The Salt "mine" is another centralized database, this one storing grain information so minions can retrieve facts about other minions from the master instead of dealing with peer-to-peer communication. Minions use a mine_functions pillar (or salt-minion configuration, but we're sticking with the pillar) to determine whether and what to store. For Cassandra nodes, we want internal network configuration and the public DNS name, which latter each node has to get by asking AWS where it is with curl.

mine_functions:
  network.interfaces: [eth0]
  network.ip_addrs: [eth0]
  # ask amazon's network config what we're public as
  public_dns:
    - mine_function: cmd.run
    - 'curl -s http://169.254.169.254/latest/meta-data/public-hostname'

srv/salt/pillar/java.sls

Cassandra requires Java 8 to be installed (prospective Java 9 support became prospective Java 11 support and is due with Cassandra 4). This pillar sets up the official Java formula accordingly.

java:
  # vitals
  release: '8'
  major: '0'
  minor: '202'
  development: false

  # tarball
  prefix: /usr/share/java # unpack here
  version_name: jdk1.8.0_202 # root directory name
  source_url: https://download.oracle.com/otn-pub/java/jdk/8u202-b08/1961070e4c9b4e26a04e7f5a083f551e/server-jre-8u202-linux-x64.tar.gz
  #source_hash: sha256=9efb1493fcf636e39c94f47bacf4f4324821df2d3aeea2dc3ea1bdc86428cb82
  source_hash: sha256=61292e9d9ef84d9702f0e30f57b208e8fbd9a272d87cd530aece4f5213c98e4e
  dl_opts: -b oraclelicense=accept-securebackup-cookie -L

srv/salt/pillar/cassandra.sls

Finally, the Cassandra pillar defines properties common to all nodes in the cluster. My upgrade plan is to bring everything up on 2.2.12, switch the central pillar definition over, and then supply the new version number to each minion by refreshing its pillar as part of the upgrade process.

cassandra:
  version: '2.2.12'
  cluster_name: 'Test Cluster'
  authenticator: 'AllowAllAuthenticator'
  endpoint_snitch: 'Ec2Snitch'
  twcs_jar:
    '2.2.12': 'TimeWindowCompactionStrategy-2.2.5.jar'
    '3.0.8': 'TimeWindowCompactionStrategy-3.0.0.jar'

The twcs_jar dictionary gets into one of the reasons I'm not using the official formula: we're using the TimeWindowCompactionStrategy. TWCS was integrated into Cassandra starting in 3.0.8 or 3.8, but it has to be compiled and installed separately for earlier versions. Pre-integration versions of TWCS also have a different package name (com.jeffjirsa instead of org.apache). 3.0.8 is the common point, having the org.apache TWCS built in but also being a valid compilation target for the com.jeffjirsa TWCS. After upgrading to 3.0.8 I'll be able to ALTER TABLE to apply the org.apache version before proceeding.

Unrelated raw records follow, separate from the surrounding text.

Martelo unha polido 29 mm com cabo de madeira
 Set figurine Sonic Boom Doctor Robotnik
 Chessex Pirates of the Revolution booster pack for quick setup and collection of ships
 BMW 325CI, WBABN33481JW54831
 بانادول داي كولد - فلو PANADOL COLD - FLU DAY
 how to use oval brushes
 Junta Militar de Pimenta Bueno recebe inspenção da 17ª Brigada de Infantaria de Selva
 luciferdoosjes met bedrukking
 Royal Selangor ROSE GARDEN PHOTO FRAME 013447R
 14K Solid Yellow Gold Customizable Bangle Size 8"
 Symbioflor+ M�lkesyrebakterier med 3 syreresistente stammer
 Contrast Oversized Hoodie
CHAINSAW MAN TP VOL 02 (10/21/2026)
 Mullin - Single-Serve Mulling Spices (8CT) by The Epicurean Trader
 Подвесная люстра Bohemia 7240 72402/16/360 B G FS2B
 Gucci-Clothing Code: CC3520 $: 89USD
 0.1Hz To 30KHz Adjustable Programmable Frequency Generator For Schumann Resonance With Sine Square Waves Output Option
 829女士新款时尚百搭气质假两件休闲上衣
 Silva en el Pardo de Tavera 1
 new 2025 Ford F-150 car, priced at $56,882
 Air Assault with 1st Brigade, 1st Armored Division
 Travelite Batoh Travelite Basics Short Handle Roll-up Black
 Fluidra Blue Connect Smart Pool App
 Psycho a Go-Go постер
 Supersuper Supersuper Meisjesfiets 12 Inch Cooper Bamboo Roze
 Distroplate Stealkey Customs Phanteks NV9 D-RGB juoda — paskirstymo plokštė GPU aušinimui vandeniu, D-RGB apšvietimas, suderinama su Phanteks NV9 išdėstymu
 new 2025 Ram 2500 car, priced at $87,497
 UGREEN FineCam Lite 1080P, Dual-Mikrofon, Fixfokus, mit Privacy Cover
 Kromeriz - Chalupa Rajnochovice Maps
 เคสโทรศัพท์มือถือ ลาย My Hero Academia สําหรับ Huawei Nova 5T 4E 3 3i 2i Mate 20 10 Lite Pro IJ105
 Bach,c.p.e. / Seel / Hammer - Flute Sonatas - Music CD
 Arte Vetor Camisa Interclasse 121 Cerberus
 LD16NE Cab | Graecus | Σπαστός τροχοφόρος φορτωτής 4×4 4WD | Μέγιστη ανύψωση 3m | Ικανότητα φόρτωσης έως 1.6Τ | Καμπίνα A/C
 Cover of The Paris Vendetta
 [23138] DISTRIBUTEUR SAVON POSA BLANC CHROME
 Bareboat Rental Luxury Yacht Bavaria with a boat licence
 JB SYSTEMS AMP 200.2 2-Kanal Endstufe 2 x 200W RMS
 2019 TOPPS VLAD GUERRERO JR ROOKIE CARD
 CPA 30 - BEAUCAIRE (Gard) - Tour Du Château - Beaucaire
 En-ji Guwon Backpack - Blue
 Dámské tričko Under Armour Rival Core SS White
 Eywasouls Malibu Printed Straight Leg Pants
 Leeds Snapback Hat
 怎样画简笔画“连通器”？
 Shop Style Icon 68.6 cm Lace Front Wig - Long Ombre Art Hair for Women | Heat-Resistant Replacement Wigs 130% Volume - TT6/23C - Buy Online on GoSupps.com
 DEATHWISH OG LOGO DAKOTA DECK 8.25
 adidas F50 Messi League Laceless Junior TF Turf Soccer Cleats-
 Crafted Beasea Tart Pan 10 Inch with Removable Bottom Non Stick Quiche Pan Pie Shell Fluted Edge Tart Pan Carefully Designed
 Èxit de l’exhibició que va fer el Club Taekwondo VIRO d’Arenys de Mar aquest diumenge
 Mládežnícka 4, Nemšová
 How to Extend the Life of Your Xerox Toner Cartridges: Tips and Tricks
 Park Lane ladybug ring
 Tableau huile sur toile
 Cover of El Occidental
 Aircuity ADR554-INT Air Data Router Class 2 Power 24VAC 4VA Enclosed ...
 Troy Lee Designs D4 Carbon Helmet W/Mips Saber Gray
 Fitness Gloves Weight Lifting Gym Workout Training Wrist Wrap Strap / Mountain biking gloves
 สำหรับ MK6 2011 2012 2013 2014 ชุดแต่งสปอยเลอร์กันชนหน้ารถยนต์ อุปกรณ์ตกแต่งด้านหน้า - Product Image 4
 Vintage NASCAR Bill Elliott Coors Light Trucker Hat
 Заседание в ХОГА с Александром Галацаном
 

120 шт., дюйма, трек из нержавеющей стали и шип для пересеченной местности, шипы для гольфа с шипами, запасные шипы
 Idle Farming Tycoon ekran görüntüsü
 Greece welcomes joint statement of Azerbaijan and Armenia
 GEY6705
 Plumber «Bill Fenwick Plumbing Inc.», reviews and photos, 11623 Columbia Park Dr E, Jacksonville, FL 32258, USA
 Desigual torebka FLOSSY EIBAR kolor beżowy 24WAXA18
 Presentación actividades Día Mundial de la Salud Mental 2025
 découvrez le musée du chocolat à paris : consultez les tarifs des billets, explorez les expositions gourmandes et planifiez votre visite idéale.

With the provider, profile, map file, and pillar setup we can actually spin up a barebones cluster of Ubuntu VMs now and retrieve the centrally-stored network information from the Salt mine:

sudo salt-cloud -m cassandra-test.map

sudo salt 'cassandra-1' 'mine.get' '*' 'public_dns'

We can't do much else, since we don't have anything installed on the nodes yet, but it's progress!

The Cassandra State

The state definition includes everything a Cassandra node has to have in order to be part of the cluster: the installed binaries, a cassandra group and user, a config file, a data directory, and a running SystemD unit. The definition itself is sort of an ouroboros of YAML and Jinja:

srv/salt/cassandra/defaults.yaml

First, there's a perfectly ordinary YAML file with some defaults. These could easily be in the pillar we set up above (or the pillar config could all be in this file); the principal distinction seems to be in whether you want to propagate changes via saltutil.refresh_pillar, or by (re)applying the Cassandra state either directly or via highstate. This is definitely more complicated than it needs to be right now, but given that this is my first major SaltStack project, I don't yet know enough to land on one side or the other, or if combining a defaults file with the pillar configuration will eventually be necessary.

cassandra:
  dc: dc1
  rack: rack1

srv/salt/cassandra/map.jinja

The map template loads the defaults file and merges them with the pillar, creating a server dictionary with all the Cassandra parameters we're setting.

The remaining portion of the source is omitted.